ONLY A few kilometres away, at the Howrah police barracks, nearly 100 boys of all sizes train daily. This old but still rudimentary boxing club, a bare cement block in one corner of the barracks, has got a mild fillip from India’s recent Olympic wins. National champions have been bred here but there is no space for girls, so Banerjee trains Priyanka and others in their homes. He is one of dozens of boxing-mad men and women across the country who are burning daylight and neglecting their personal lives, hoping to turn a girl into a champion.

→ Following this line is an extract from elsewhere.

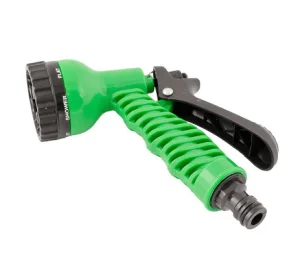 Пістолет для поливу MasterTool 1/2", 7 режимів (92-9303)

For those who like their sports jingoistic, this is a game that India has been winning consistently. Since it was introduced in 2001, women’s boxing has given India three World Champions (beating 180 women from 32 nations). Indian women boxers win armfuls of gold, silver and bronze medals at international events every year. Banerjee’s girls are among an estimated 1,000 women boxers in India, a number as astonishing as what the sport has achieved in such a short time. Though the largest numbers are in Haryana, Manipur and Kerala, every state has prize-winning women boxers hiding in plain sight. Their untarnished dignity does not reflect the fact that their greatest victories have gone unlauded in a country where mediocre performance in others sports brings fanatic following.

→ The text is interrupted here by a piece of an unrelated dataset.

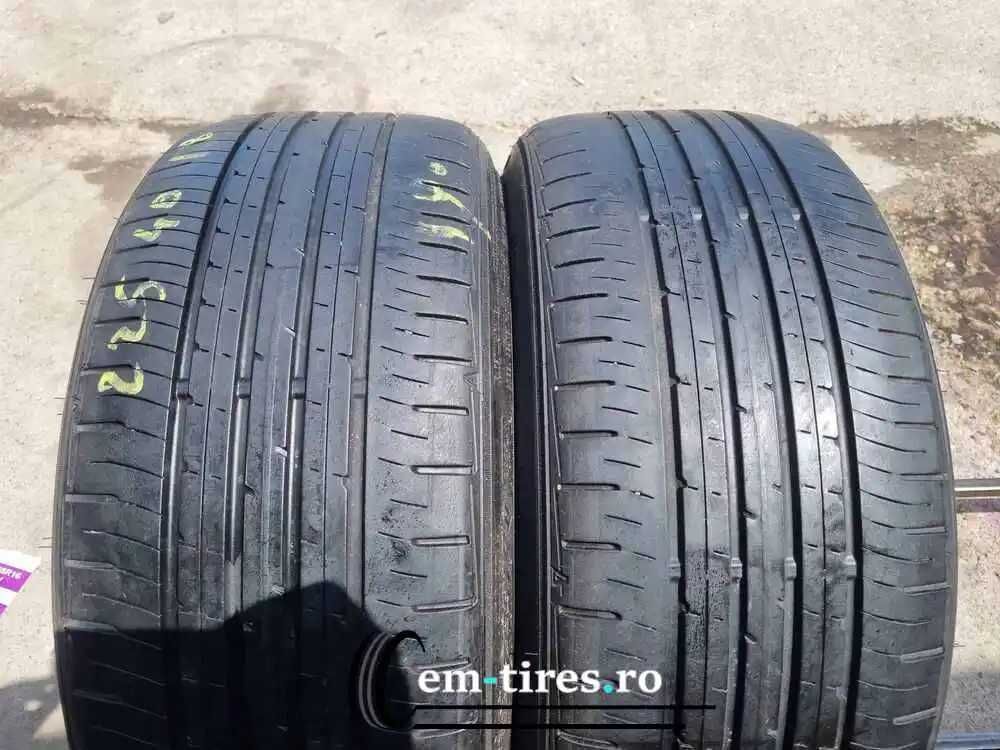 SET 2 Anvelope Vara 225/40 R18 FALKEN Ziex ZE914B 92W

For some young girls like Priyanka it is an extension of their athletic ability, for others it is a means to and end, to jobs and, after the recent Olympics, to celebrity. You would be forgiven your surprise at the sight of girls arriving every month in Riwadi and Hissar districts of Haryana to learn boxing, as if it were a DTP course. Some of them have set up little households together. Three or four to a room, they cook, clean and help each other with rigorous training. Meenakshi, training at the Sports Authority of India (SAI) school in Hissar, says with some amusement: “Haryanvis encourage sports but I am from the bania community. Nobody in my family has heard of sports. But they have been supportive.” Meenakshi hopes that boxing will lead her to a private sector job.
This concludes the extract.